Por fim, a conclusão nesse estilo, ketsu, apresenta uma nova mudança de foco com uma finalidade que não é conclusiva no sentido de reiterar uma idéia apresentada anteriormente, mas sim a de deixar uma idéia (talvez inédita) no ar. Em japonês, ketsu pode ter o significado de implicitude, sugestão.

Rashomon é um filme magnífico justamente porque, ao invés de impor preconceitos sobre a moral humana, visando a levar seu espectador a concordar com uma conclusão definitiva que lhe seja apresentada; faz justamente o contrário, extrai dele uma conclusão pessoal, às vezes escondida, e dificilmente definitiva.
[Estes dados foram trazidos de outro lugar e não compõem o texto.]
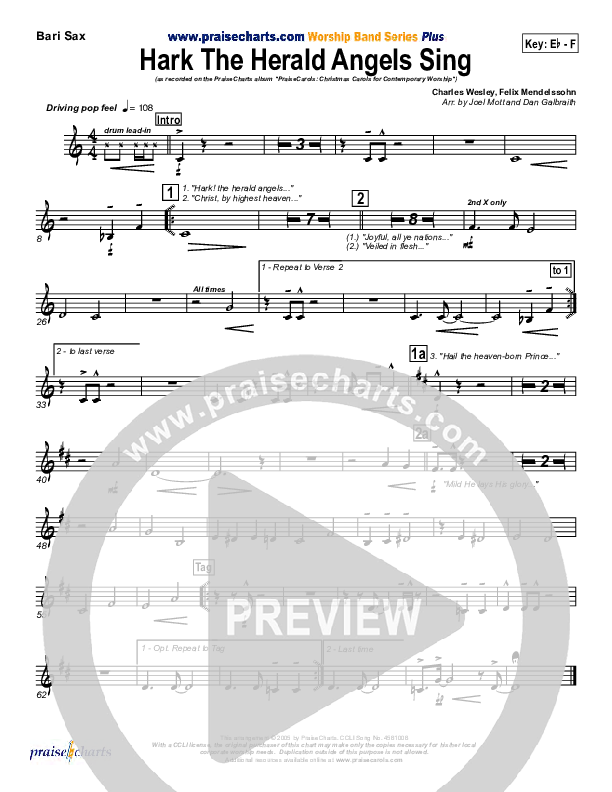 Hark The Herald Angels Sing Bari Sax (PraiseCharts Band / Arr. Daniel Galbraith / Joel Mott)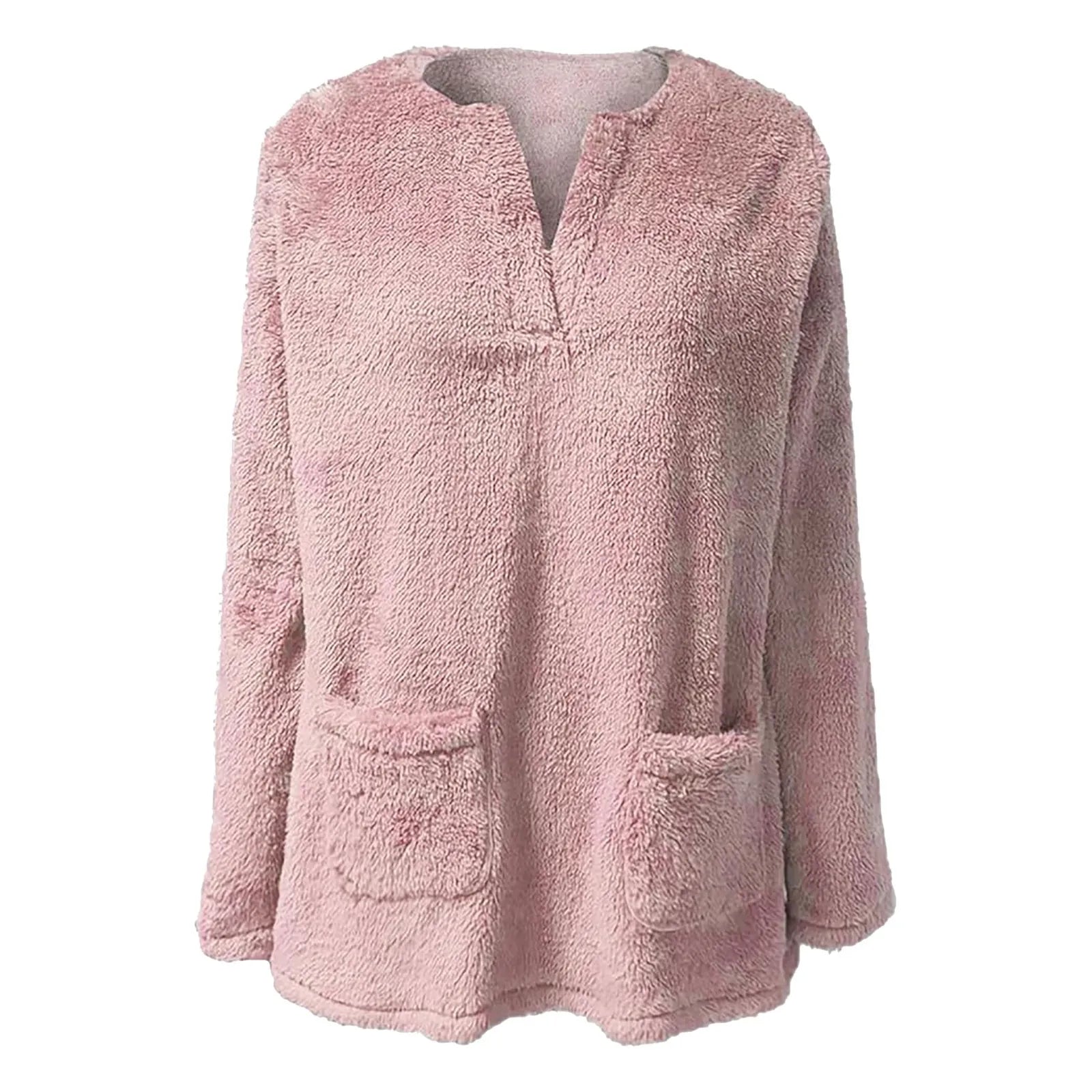 2024 New Women Long Sleeve Fleece Sweatshirts Double Pocket V Neck Pullover Tops Solid Color Plush Sweatshirt Female Outerwear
É possível ver o filme pela primeira vez e achá-lo negro e pessimista, e então, anos depois, revê-lo considerando-o um libelo humanista.

Enfim, você conseguiu ler esse post gigantesco até aqui e está (ou não) pensando por que diabos é que eu escrevi tudo isso. Coincidência ou não, eu também já não sei muito bem. Mas a verdade é que pensar de maneira diferente é sempre bom, é sadio. Isso significa, muitas vezes, acatar o pensamento do outro, pois é bem possível que ele não esteja errado. Mas também, tomar cuidado porque ele não está sempre certo. Nem você.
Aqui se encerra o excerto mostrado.